■ **Work instruction**: Nothing but the lines from the one with "Foto del edificio - 1815 E Sheridan St" down to the one with "Hyundai I20 (2017) — foto 16 van 16" should be returned, exactly and with both ends included, from the material below.

■ **Material provided**:
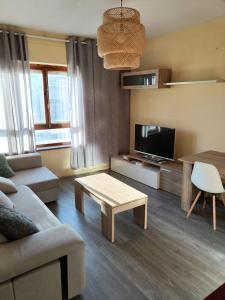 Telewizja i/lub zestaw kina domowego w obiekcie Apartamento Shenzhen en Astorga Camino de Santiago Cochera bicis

...

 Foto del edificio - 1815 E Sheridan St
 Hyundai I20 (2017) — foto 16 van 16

■ **Exercise solution**:
 Foto del edificio - 1815 E Sheridan St
 Hyundai I20 (2017) — foto 16 van 16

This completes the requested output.